As luck would have it, Daughter Two and I had things we could do in the city too. That meant we could collect them at the end of the day.

She’s a smart one, The Teenager. I could see she was considering flying the protest flag. Too much parental involvement. But weighing things up, quickly, she realised that this was the best deal going. And we’d actually said yes.

Her friend lives with mum in a city unit. Nice girl. We dropped The Teenager at the front gate, and within a giggling nano-second they disappeared inside.

Daughter Two and I slowly returned to the car. She asked why the girls didn’t come with us instead. Who’d rather catch a stinky bus than drive in the car?

Good point.
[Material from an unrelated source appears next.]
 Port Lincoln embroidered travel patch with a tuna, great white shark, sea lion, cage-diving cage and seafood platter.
I tried to stay calm. What if there was a rave party going on in that unit block? With sound proof walls? Was The Teenager’s mobile phone charged, in case she needed me to rescue her?

You know, there was a time when she wouldn’t cross the road without holding my hand. If I forgot, perhaps distracted by an upcoming trifecta, she’d grab mine first. And smile.

Not any more. Sigh.

We drove off. I looked in vain for smoke and flashing lights inside the unit. Is that what they have inside rave parties? Curse my lack of research.
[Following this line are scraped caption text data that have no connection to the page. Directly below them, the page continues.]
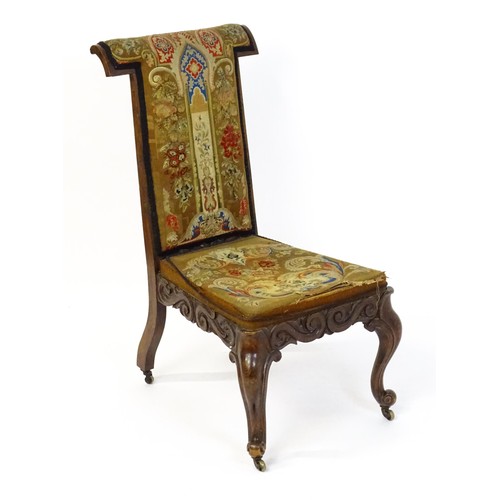 1691 - A mid 19thC rosewood prie-dieu with needlework upholstery, scrolled carved detailing to the seat rai... 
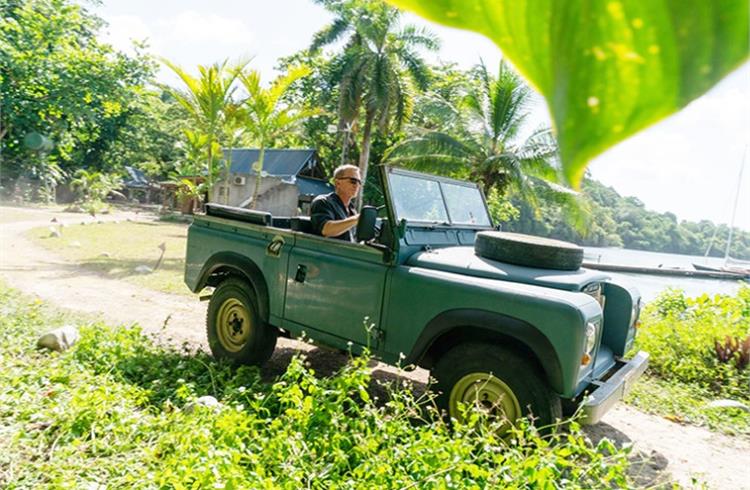 Daniel Craig at the wheel of the 3. James Bond in his Land Rover Series III in verdant Jamaica.
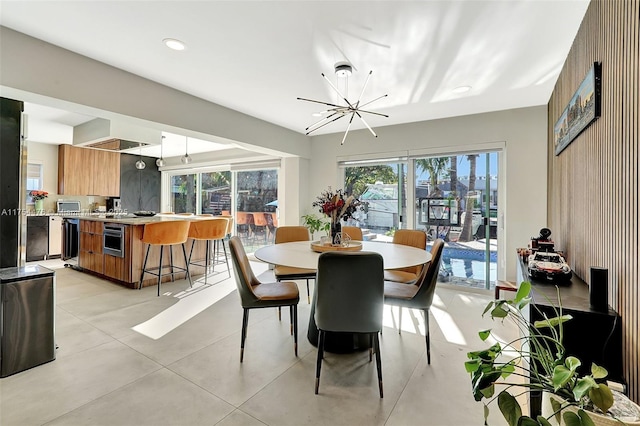 dining area featuring concrete flooring, recessed lighting, and an inviting chandelier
The phone didn’t ring. I gathered myself. TRUST her. Half the time the girl is more mature than me anyway. Don’t tell The Treasurer that.

A few hours passed. Her sister and I were having fun, doing lots of nothing. Over lunch, we told stories. She was chatting away, as she does. And, I suspect, enjoying the rare solo status.

She’s 10, still with a wonderful splash of silliness. I hope she never loses it. Makes me laugh, constantly.

The questions never end. All with a straight face. Do you know when Beauty and the Geek starts again? Can I have a kitten for my birthday? How can you be sure this is fresh apple juice? For the record, I answered no, no and I don’t know.

We walked back out into the mall, and I realised she was holding my hand. Happy to be seen with her dad. For now, at least. Sigh.

The bridal shopping was a success. They arrived at our organised meeting place on time. I scanned the surrounds for smirking boys. Nothing. Ice creams were bought to celebrate.

We survived the day, both of us. Nothing to worry about, after all.

Bigger challenges are ahead, of course. First dates. Mixed parties. Schoolies.  One small step at a time.

Deep down, I know she’ll be fine. And I will be too. Really I will. Just as long as there’s some hand holding along the way.